Eis um livro cujo título me despertou atenção, ao mesmo tempo que me deixou reticente. Quem segue as minhas leituras já deve ter reparado para gosto de subversões de contos tradicionais, seja o recontar da história, seja a apresentação de novas perspectivas e abordagens. Neste seguimento, personagens como Jane Yolden, T. Kingfisher, Neil Gaiman ou Naomi Novik (esta última com alguma controvérsia, no meu entender) têm criado variações curiosas e interessantes – porque será que o príncipe beija uma mulher morta no meio da floresta? Será que a princesa, que não conhece o príncipe de lado nenhum, quer casar com este desconhecido? E as histórias que se centram em crianças ou jovens mulheres, não esconderão algo tenebroso? Pois é, nem todas as recriações (ou melhor, poucas) são para menores de idade.

Neste livro, o autor consegue a proeza de transformar os contos de fadas em histórias politicamente correctas onde encontramos as tendências e as referências actuais. Existem influencers, negócios de entrega de comida, trabalhadores explorados e novos modelos de negócio. Não podemos esquecer as poucas oportunidades dos subúrbios, a realidade das princesas do mundo moderno ou o ultrapassar do medo criado por preconceitos.

Os porcos caçam lobos, os lobos compram casas, os meninos que compram feijões são menos idiotas do que parecem, e as meninas que comem a papa de aveia em casa alheia podem ajudar a criar novos e bem sucedidos negócios. Continuam, claro, a haver vilões, personagens invejosas e príncipes idiotas, bem como madrastas maldosas – mas também existem alianças de personagens antagónicas e desenvolvimentos que desafiam os preconceitos comuns dos contos de fadas.

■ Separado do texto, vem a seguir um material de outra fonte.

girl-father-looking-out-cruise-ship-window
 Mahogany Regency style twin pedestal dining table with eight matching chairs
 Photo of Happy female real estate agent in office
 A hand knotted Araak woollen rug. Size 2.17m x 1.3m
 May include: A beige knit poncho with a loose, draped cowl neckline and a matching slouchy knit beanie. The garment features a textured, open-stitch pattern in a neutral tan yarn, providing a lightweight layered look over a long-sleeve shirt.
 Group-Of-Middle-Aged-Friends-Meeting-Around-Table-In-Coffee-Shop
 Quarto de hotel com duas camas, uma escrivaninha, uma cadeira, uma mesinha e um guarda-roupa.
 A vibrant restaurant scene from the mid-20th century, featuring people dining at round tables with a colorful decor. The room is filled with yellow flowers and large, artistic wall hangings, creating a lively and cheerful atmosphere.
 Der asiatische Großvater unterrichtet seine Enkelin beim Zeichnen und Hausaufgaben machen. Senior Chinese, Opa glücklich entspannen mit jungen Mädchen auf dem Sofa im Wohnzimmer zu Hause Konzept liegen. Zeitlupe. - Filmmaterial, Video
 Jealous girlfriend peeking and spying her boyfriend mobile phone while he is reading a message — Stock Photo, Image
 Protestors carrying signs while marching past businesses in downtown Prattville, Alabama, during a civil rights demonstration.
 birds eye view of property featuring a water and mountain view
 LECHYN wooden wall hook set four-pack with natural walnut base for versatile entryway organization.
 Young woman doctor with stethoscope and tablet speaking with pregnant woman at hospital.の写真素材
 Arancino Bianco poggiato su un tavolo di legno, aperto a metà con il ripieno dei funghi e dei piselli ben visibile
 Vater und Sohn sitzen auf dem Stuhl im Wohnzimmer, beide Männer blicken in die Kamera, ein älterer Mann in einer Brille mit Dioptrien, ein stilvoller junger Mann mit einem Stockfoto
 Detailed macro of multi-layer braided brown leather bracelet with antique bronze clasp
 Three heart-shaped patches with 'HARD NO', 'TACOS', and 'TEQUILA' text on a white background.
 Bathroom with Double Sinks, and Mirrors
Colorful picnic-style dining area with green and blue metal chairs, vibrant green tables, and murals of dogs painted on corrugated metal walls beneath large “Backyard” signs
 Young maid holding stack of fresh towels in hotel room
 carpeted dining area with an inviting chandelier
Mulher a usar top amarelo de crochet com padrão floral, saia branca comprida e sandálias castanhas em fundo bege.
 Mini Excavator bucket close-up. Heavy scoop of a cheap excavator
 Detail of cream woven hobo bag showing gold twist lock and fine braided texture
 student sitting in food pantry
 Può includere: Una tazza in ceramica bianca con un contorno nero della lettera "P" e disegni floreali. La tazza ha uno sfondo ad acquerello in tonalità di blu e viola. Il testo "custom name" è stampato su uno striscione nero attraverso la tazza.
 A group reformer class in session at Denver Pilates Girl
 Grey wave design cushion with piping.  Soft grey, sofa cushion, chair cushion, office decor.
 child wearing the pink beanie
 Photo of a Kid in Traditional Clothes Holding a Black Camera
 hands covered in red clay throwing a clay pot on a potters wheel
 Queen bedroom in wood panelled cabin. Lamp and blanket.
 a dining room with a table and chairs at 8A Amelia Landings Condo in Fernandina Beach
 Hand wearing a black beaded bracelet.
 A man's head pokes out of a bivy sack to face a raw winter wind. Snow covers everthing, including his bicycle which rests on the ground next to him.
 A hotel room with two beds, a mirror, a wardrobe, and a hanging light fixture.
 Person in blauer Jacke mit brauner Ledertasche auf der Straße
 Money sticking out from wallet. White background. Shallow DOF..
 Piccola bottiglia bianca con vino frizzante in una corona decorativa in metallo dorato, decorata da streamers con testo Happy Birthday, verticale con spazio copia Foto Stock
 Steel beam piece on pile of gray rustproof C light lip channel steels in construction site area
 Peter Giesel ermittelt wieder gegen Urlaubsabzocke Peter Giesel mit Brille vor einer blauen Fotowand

É na combinação de todos estes elementos que a colectânea de histórias surpreende. Quando referi, no início, que o título também me deixou reticente (ao mesmo tempo que interessada) é porque nesta transformação de histórias em politicamente correcto, se cai, muitas vezes, no excesso de moralismo com discursos pesados e chatos. Nada disso acontece aqui. As histórias conseguem ser politicamente correctas, ao mesmo tempo que exploram novos caminhos narrativos e convertem o rumo em desenvolvimentos mais actuais e lógicos – sem deixar, no entanto, de ter elementos cómicos e irónicos, com críticas ligeiras à actualidade.